Hengki menegaskan, bahwa proses penyelidikan tidak hanya berhenti pada penangkapan pimpinan tertinggi kelompok Khilafatul Muslimin tersebut. Namun juga pada mencari sumber dana operasional ormas tersebut yang diduga besar.
"Ke depan kita masih akan kembangkan. Ini organisasi yang cukup besar. Belum lagi kita akan selidiki sumber dana dan sebagainya," terang Hengki.
Sementara itu, Kabid Humas Polda Metro Jaya Kombes Pol Endra Zulpan menyebut penangkapan dan penetapan tersangka Abdul Qadir Hasan Baraja tidak terfokus pada kasus konvoi pengendara yang menyiarkan khilafah. Namun lebih pada adanya kegiatan kelompok yang menganut mengembangkan, menyebarkan paham dan ajaran yang bertentangan dengan idelogi Pancasila.
“Tidak hanya terkait konvoi anggota Khilafatul Muslimin yang terjadi di Cawang, Jakarta Timur. Kelompok ini tawarkan Khilafah sebagai pengganti Pancasila. Hal ini bertentangan dengan UU Dasar 1945," kata Zulpan.
Penangkapan Abdul Qadir Hasan Baraja di Lampung dipimpin langsung oleh Dirkrimum Polda Metro Jaya Kombes Hengki Haryadi serta tim gabungan. Disebutnya, tim gabungan itu terdiri dari Kasubdit Resmob Ditreskrimum Polda Metro Jaya AKBP Handik Zusen, Kasubdit Jatanras Ditreskrimum Polda Metro Jaya AKBP Awalaudin Amin.
Setelah ditangkap, Abdul Qadir Hasan Baraja langsung diterbangkan ke Jakarta dan ditahan di Mapolda Metro Jaya. Ia dijerat dengan Pasal 59 Ayat 4 Juncto Pasal 82 Ayat 2 Undang-Undang Nomor 16 Tahun 2017 tentang Organisasi Masyarakat (Ormas).
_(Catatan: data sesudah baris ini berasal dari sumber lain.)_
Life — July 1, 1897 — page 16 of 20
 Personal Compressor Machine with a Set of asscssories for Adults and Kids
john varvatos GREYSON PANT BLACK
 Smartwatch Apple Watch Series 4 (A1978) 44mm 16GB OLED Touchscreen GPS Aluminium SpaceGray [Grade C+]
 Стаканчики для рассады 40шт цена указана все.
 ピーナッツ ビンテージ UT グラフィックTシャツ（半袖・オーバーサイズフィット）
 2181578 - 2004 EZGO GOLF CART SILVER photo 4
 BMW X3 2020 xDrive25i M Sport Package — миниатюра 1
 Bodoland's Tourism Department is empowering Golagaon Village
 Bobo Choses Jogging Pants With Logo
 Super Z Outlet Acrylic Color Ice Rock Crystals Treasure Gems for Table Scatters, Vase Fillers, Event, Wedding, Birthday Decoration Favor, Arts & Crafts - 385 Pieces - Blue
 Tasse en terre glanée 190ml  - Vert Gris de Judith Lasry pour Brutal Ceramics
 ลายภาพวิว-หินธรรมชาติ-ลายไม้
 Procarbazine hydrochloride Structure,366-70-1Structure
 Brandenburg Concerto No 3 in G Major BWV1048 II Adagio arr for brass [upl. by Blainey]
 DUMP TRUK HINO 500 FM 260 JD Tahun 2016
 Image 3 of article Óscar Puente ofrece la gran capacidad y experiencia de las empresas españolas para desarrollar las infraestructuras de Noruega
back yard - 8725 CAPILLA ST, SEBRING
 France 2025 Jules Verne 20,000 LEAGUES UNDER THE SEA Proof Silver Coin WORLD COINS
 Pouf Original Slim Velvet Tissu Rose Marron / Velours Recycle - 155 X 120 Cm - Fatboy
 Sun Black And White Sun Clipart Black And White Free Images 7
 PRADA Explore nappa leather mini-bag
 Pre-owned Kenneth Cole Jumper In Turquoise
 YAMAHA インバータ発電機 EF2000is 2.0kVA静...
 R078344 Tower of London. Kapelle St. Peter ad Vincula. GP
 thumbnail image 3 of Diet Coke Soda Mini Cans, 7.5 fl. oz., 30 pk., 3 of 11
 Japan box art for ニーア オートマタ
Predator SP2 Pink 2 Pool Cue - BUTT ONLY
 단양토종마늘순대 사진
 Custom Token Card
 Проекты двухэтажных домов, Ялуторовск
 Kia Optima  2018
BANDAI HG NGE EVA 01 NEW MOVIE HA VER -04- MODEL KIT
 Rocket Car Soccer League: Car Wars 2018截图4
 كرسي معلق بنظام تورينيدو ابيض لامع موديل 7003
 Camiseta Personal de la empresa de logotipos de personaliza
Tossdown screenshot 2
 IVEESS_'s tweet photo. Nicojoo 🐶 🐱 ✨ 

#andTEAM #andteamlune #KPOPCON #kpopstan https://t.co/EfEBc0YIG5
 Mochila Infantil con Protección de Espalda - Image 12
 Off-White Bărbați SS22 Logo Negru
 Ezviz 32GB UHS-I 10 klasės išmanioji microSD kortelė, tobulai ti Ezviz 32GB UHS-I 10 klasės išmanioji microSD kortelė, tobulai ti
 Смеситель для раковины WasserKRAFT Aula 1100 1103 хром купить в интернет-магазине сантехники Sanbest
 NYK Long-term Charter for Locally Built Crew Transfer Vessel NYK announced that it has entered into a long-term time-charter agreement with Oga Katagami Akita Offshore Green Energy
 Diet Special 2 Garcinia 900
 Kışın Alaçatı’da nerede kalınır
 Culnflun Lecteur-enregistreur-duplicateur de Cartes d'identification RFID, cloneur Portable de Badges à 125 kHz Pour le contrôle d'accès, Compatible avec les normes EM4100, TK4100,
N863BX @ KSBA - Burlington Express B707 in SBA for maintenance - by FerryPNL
Kemudian juga disangkakan dengan Pasal 14 Ayat 1 dan 2, dan atau Pasal 15 Undang-Undang Nomor 1 Tahun 1946 tentang Peraturan Hukum Pidana.
"Di mana ancaman yang dikenakan terhadap tersangka minimal 5 tahun, maksimal 20 tahun. Langsung ditahan," kata Zulpan.